Evidence: Expert Testimony: Generally


Russell v. Watkins & Shepard [06/24/09] 2009 MT 217 In Bain v. Liberty Mut. Fire Ins. Co., 2004 MTWCC 45 (aff’d 2005 MT 299N), the Workers’ Compensation Court set forth a non-exhaustive list of 10 factors that it generally considers when evaluating the causation issue based on conflicting or complicated medical testimony and evidence. There is no indication, either in Bain or any other reported decisions of the Montana Supreme Court, that strict compliance with these 10 factors is a precondition to the admissibility of medical testimony or evidence.

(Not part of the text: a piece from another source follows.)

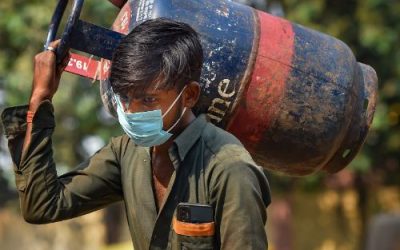 आम आदमी को झटका! घरेलू LPG सिलेंडर की कीमतें स्थिर, केवल कमर्शियल ग्राहकों को मिली राहत!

Hartung v. Montana State Fund [03/15/16] 2016 MTWCC 3 While medical evidence demonstrated that the claimant had a learning disability and extremely low cognitive ability, the reports were equivocal as to whether he had a mere mental weakness, or was incapable of understanding the force and effect of his settlement agreement.  Without an expert’s testimony that the claimant was incapable of understanding the settlement agreement, the Court is not persuaded that he was unable to understand it.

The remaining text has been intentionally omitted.